*TASK STATEMENT:* Your task is to give the records again exactly. Leave each picture out.
==== DATA EXCERPTS
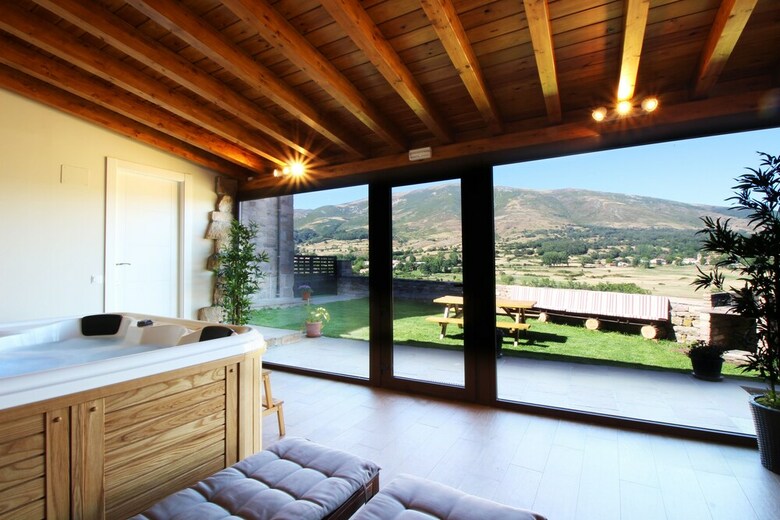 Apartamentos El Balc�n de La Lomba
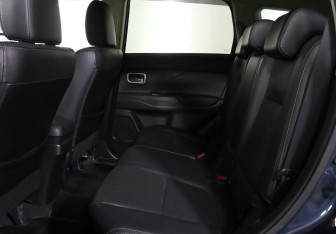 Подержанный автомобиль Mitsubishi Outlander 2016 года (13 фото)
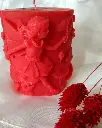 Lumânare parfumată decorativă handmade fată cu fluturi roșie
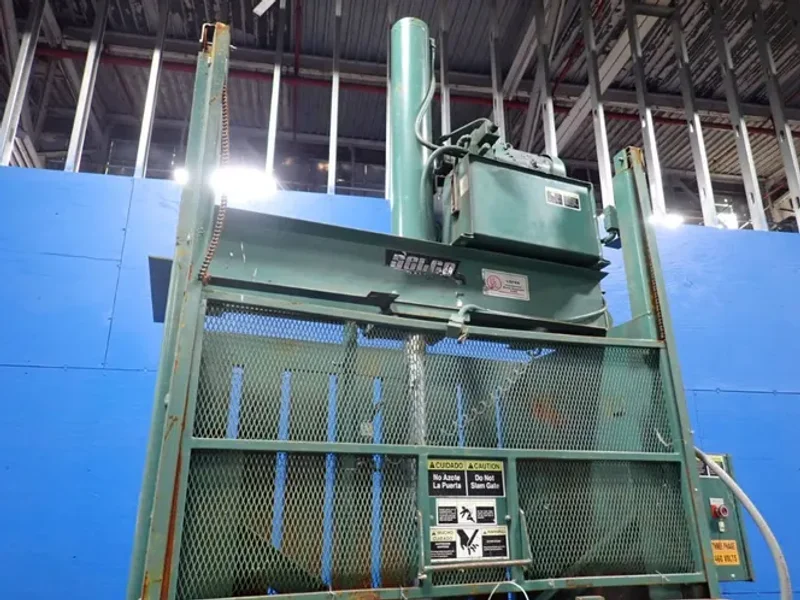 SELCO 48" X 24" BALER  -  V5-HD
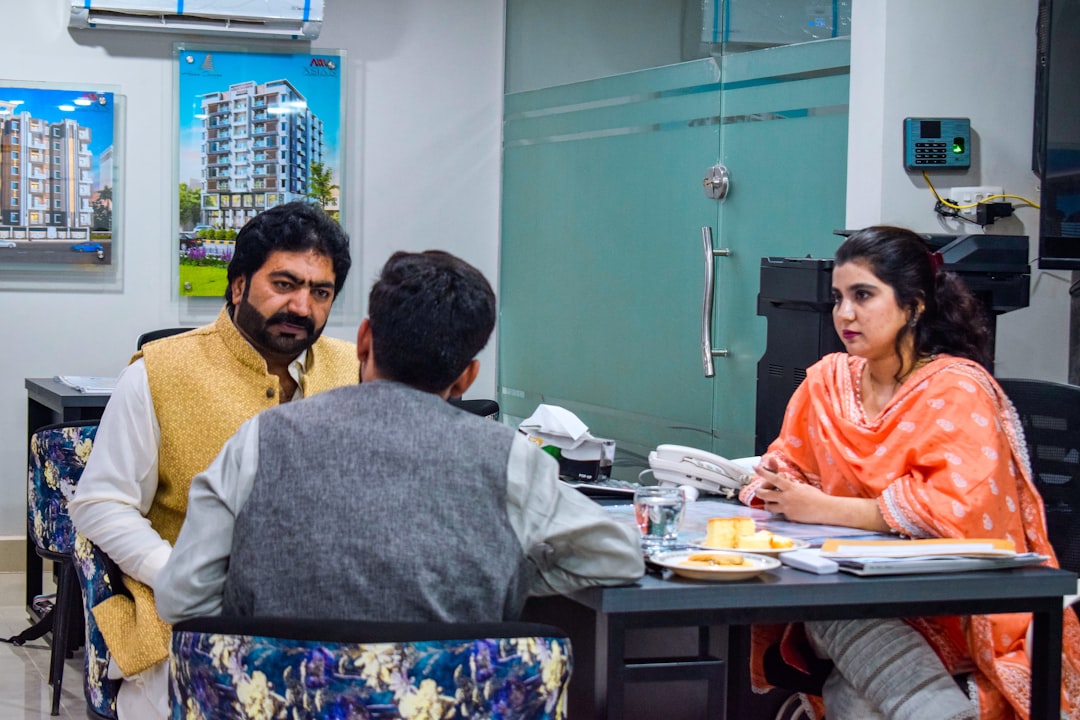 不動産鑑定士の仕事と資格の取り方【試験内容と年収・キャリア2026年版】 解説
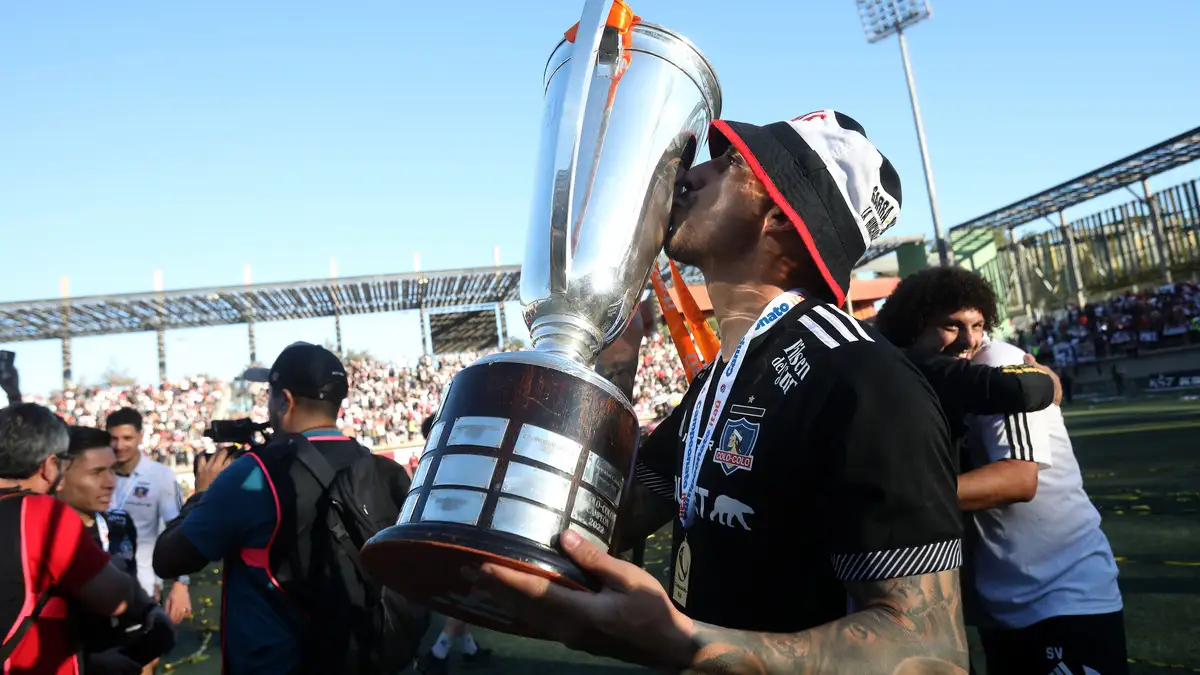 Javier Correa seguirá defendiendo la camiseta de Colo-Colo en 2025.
========
*TASK OUTPUT:*
 Apartamentos El Balc�n de La Lomba
 Подержанный автомобиль Mitsubishi Outlander 2016 года (13 фото)
 Lumânare parfumată decorativă handmade fată cu fluturi roșie
 SELCO 48" X 24" BALER  -  V5-HD
 不動産鑑定士の仕事と資格の取り方【試験内容と年収・キャリア2026年版】 解説
 Javier Correa seguirá defendiendo la camiseta de Colo-Colo en 2025.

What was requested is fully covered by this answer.